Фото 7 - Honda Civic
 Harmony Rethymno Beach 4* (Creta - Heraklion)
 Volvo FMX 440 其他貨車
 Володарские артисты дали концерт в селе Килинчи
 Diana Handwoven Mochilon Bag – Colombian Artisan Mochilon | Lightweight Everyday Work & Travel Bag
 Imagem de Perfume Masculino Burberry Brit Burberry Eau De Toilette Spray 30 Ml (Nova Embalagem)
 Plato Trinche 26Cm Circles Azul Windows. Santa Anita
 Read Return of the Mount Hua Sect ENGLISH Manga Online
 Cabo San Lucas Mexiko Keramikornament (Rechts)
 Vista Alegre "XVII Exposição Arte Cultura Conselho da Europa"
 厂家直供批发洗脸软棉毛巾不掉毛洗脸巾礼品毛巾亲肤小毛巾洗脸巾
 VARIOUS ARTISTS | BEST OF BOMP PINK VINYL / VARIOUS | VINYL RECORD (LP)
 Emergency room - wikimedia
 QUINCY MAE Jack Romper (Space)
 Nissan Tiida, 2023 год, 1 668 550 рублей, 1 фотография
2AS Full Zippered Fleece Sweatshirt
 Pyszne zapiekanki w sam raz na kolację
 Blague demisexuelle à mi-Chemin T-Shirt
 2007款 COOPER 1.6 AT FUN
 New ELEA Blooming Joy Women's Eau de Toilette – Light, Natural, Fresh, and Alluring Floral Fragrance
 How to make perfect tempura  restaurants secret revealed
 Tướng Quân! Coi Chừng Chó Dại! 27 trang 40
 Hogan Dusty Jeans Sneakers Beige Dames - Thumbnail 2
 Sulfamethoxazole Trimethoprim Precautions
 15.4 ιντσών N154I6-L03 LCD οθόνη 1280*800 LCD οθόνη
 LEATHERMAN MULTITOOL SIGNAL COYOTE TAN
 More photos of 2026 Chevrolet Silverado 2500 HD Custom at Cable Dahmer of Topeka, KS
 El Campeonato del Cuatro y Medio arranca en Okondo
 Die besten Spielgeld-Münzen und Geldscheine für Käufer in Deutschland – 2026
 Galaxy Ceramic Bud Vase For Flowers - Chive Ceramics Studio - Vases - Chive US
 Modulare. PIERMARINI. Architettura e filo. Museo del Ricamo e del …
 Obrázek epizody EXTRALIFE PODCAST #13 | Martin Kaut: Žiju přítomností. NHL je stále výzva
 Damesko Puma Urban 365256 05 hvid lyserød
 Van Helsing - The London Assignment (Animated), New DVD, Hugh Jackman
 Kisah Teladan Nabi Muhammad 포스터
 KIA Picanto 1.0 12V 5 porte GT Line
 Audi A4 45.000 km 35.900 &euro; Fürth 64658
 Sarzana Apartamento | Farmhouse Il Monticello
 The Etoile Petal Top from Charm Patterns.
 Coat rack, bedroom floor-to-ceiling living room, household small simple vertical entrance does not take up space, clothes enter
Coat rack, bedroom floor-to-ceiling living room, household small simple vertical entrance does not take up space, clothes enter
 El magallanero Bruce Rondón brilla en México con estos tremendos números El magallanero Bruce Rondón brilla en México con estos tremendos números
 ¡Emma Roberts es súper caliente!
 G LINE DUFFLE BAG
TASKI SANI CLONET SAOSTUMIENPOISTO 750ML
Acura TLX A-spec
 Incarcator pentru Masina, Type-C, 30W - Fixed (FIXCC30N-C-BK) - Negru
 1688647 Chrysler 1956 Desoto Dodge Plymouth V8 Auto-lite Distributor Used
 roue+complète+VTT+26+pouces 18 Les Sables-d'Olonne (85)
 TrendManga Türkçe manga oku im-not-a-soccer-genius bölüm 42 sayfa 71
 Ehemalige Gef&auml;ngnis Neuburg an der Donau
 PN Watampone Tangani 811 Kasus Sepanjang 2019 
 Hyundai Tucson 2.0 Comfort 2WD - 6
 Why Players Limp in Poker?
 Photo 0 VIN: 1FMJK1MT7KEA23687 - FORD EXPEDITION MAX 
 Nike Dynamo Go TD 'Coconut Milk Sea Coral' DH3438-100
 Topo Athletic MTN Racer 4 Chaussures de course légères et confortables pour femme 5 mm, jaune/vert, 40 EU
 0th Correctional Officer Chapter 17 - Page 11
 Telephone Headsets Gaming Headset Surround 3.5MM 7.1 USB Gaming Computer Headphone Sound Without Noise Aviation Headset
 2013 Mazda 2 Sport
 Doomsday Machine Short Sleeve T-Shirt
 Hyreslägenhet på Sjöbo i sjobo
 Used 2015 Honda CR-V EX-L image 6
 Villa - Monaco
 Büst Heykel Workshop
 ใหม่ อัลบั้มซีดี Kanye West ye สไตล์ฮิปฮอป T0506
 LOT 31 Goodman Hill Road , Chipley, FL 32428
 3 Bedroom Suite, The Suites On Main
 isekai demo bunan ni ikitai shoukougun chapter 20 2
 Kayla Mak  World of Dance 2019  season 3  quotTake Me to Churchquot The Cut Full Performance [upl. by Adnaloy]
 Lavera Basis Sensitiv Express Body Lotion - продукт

* [Required work]: From the data, pick out every line that includes "Honda".

* [Problem solution]:
Фото 7 - Honda Civic
 Used 2015 Honda CR-V EX-L image 6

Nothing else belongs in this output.